In this process of mingling, which Chesnutt went on to sketch for a number of generations, no perceptible traces of black would be left: “There would be no inferior race to domineer over; there would be no superior race to oppress those who differed from them in racial externals.” Chesnutt's concept of the “post-racial” envisioned a society in which the mingling and mixing of races would eventually lead to the dissolution of race classifications – which he saw as scientifically dubious in the first place. Crucially, since the mingling would change the skin color of the future American ethnic type, his argument made skin color the decisive visual marker of difference. Yet, expressing the bias of his time, Chesnutt's concept put blackness at the bottom and whiteness at the top. He proposed a notion of middle-class-ness as well as a form of respectability that was built on the cultural hierarchy of skin color types.
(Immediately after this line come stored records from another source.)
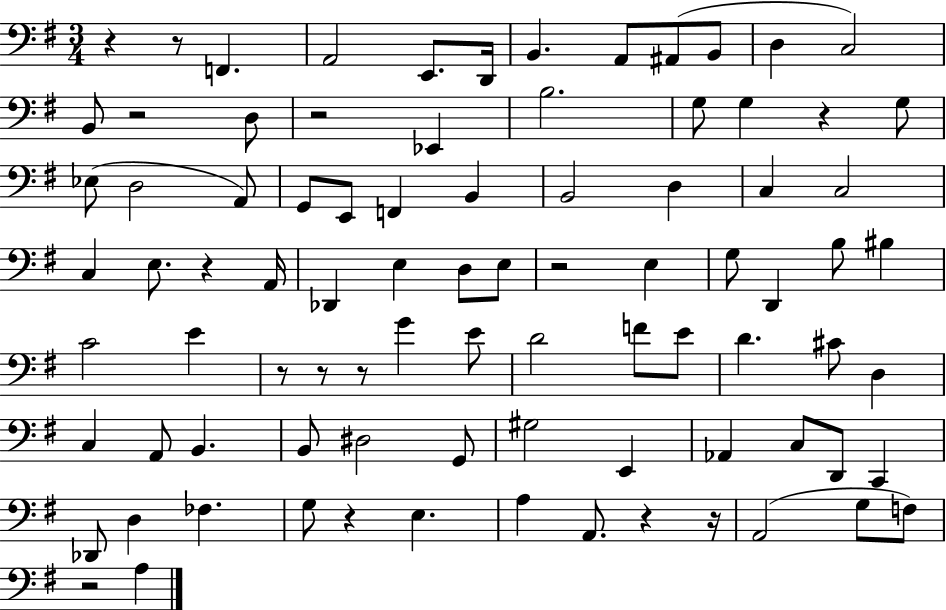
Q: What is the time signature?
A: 3/4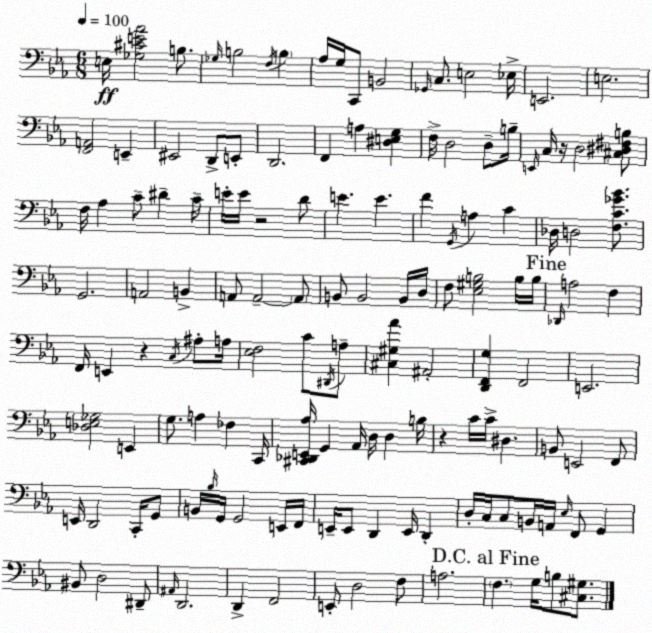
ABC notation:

X:1
T:Untitled
M:6/8
L:1/4
K:Cm
E,/4 [_G,^CE_A]2 B,/2 _G,/4 B,2 F,/4 B, _A,/4 G,/4 C,,/2 B,,2 _G,,/4 C,/2 E,2 _E,/4 E,,2 E,2 [F,,A,,]2 E,, ^E,,2 D,,/2 E,,/2 D,,2 F,, A, [^D,E,G,] F,/4 D,2 D,/2 B,/4 E,,/4 C,/4 z/4 D,2 [^C,^D,^F,B,]/2 F,/4 _A, C/2 ^D C/4 E/4 E/4 z2 D/2 E E F G,,/4 A, C _D,/4 D,2 [F,C_G_B]/2 G,,2 A,,2 B,, A,,/2 A,,2 A,,/2 B,,/2 B,,2 B,,/4 D,/4 F,/2 [_E,^G,B,]2 B,/4 B,/4 _D,,/4 A,2 F, F,,/4 E,, z C,/4 ^A,/2 A,/4 [_E,F,]2 C/2 ^D,,/4 A,/2 [^C,^G,_A] ^A,,2 [D,,F,,G,] F,,2 E,,2 [_D,E,_G,]2 E,, G,/2 A, _F, C,,/4 [^C,,_D,,E,,_A,]/4 G,, _A,,/4 D,/4 D, B,/4 z C/4 C/4 ^D, B,,/2 E,,2 F,,/2 E,,/4 D,,2 C,,/4 G,,/2 B,,/4 _B,/4 G,,/4 G,,2 E,,/4 F,,/4 E,,/4 E,,/2 D,, E,,/4 D,, D,/4 C,/4 C,/2 B,,/4 A,,/4 _E,/4 F,,/2 G,, ^B,,/2 D,2 ^D,,/2 ^A,,/4 D,,2 D,, F,,2 E,,/2 D,2 F,/2 A,2 F, G,/4 B,/2 [^C,^G,]/2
As Chesnutt's essay showed, the mulatto or mixed-race perspective offered a unique point of view from which to discuss the effects of skin color. Depending on the observer's position, skin color was perceived as a source of shame, a source of guilt, or a source of pride. Yet these connotations also created a dilemma: a lighter skin color was presented as desirable as a signifier of upward social mobility and cultural capital, but as a marker of identity it made a clear sense of racial belonging more difficult.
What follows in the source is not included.